Cette fois, les fronts sont tous ouverts, mais avec des signaux de malaise inimaginables il y a un mois. Parce que les Rossoneri avaient réinitialisé leur tête après les cinq gifles prises dans le Derby, trouvant la tête du classement et obtenu deux 0-0 dans le groupe de la Ligue des champions (avec Newcastle et Dortmund) qui étaient très proches.

Ensuite, la défaite à domicile avec la Juventus, le 0-3 en présence du Paris Saint-Germain en Coupe et le match nul immédiatement de Napoli a fait glisser l'équipe à la troisième place, compliqué l'Europe et a rendu l'environnement agité.
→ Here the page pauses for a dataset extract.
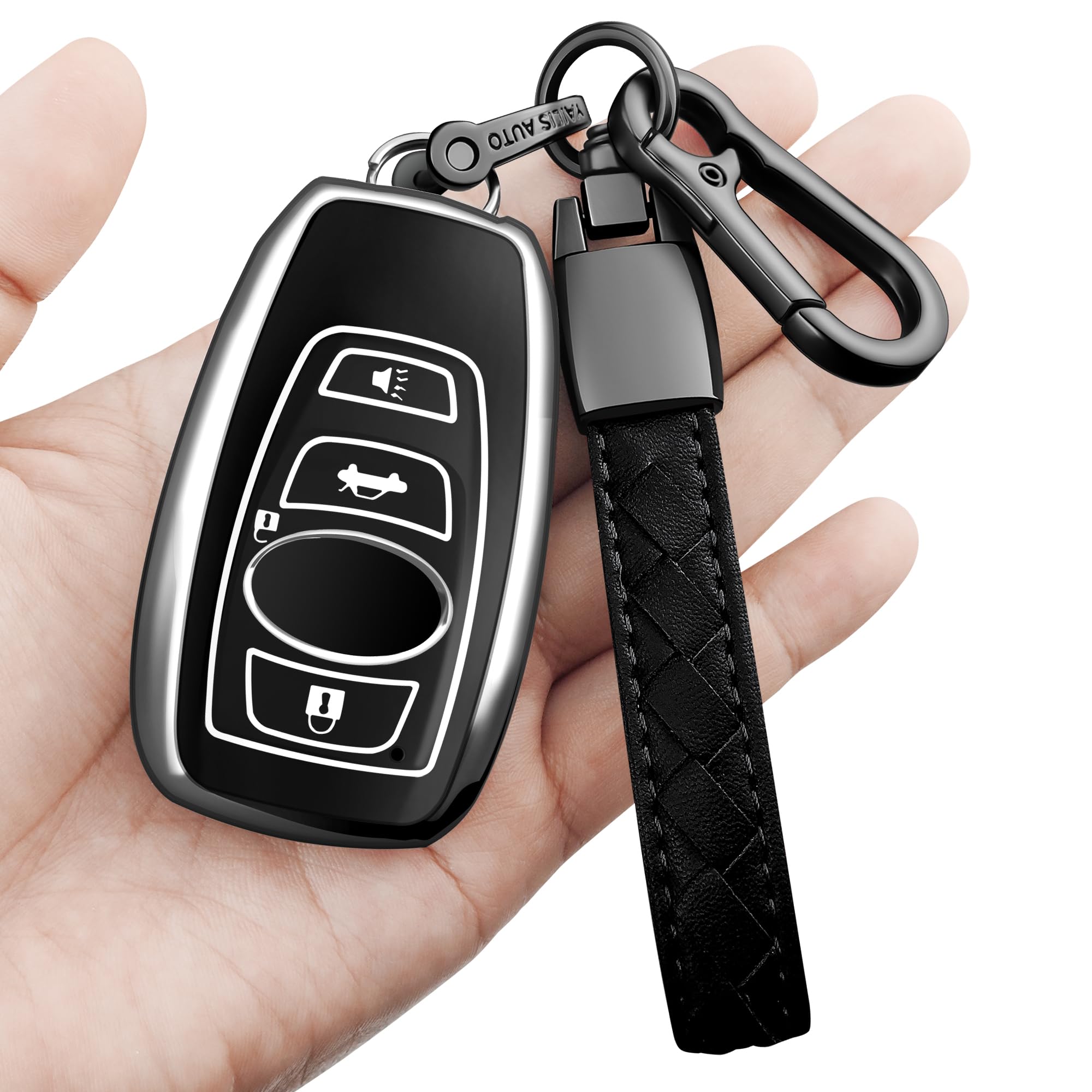 Sindeda for Subaru Key Fob Cover with Keychain Soft Full Protection Key Shell Compatible with BRZ Legacy Outback Ascent Crosstrek Forester WRX Smart Key (Silver)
Le premier à interpréter ce malaise a été Davide Calabria dans le PSG PSG: Chaque jour, nous faisons notre cul à Milan, nous savions à quel point ce jeu était important.

Celui qui ne croit pas qu'il reste à la maison. Des mots forts, du capitaine et des clarifications. Donc, l'entraîneur, avant le voyage à Naples, avait répondu: Nervi Tesi? Oui, et il est juste que ce soit ainsi. La Calabre signifiait que l'environnement le croira jusqu'à la fin. Le second était Olivier Giroud, tout à fait contraire au moment du changement au Maradona (et avec lui Rafa Leao, le troisième à réagir, non avec les mots, mais avec le Corps explicite du corps): Après le premier objectif, Napoli a repris la confiance et nous ne savions pas si nous devions continuer à attaquer ou à défendre.

Je suis déçu. Nous devons être encore plus exigeants avec nous-mêmes. La boîte de vitesses? Nous sommes des hommes, pas un robot. J'ai aussi des émotions. Pioli fait ses choix et j'ai le respect pour lui. Des mots forts sur les deux fronts, les techniques et les joueurs. Des mots qui peuvent être lus en fonction de la façon dont vous souhaitez analyser le moment de Milan.

Pour les catastrophistes, le signal d'un détachement entre une équipe et l'entraîneur. Pour les bienfaits, le signal d'un désir de rédemption, des individus comme du groupe. En restant au niveau du réalisme, les partisans sociaux du #otiotiut peuvent attendre.